Data below ▸
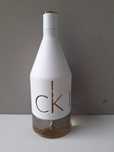 Calvin Klein CK IN2U edt Woda toaletowa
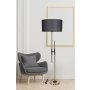 OPVIQ Podna lampa Felix 534LUN4325 - slika 1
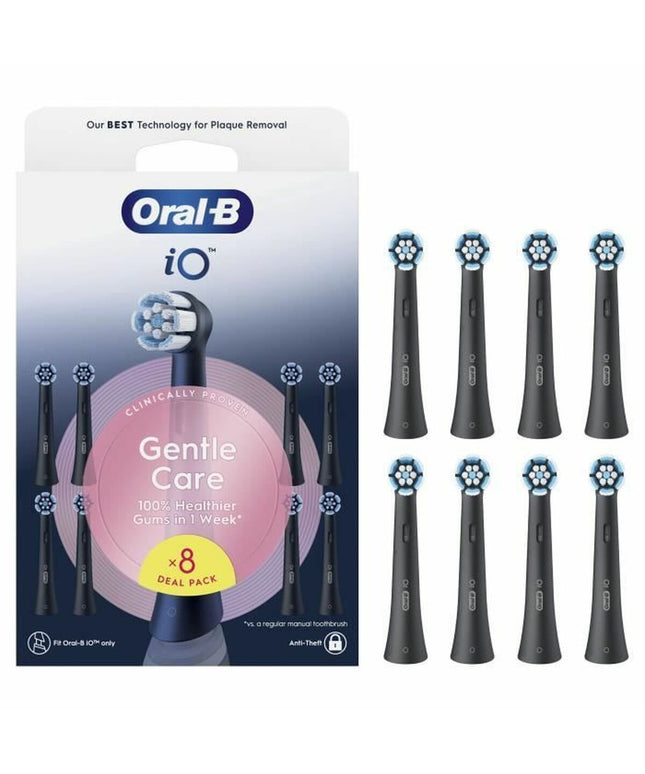 V4HC6C281FEBC2ABFEFF43938E4A07264B2R6837910P1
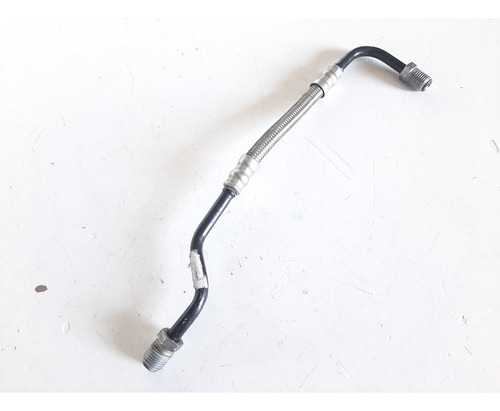 Linea Modulo Abs #2 Ford Escape 3.0 Aut. Limited 07-11 (Usado)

What is needed ▸ Your reply should hold every line of the material, unaltered, and not one picture.

Response to the exercise ▸
 Calvin Klein CK IN2U edt Woda toaletowa
 OPVIQ Podna lampa Felix 534LUN4325 - slika 1
 V4HC6C281FEBC2ABFEFF43938E4A07264B2R6837910P1
 Linea Modulo Abs #2 Ford Escape 3.0 Aut. Limited 07-11 (Usado)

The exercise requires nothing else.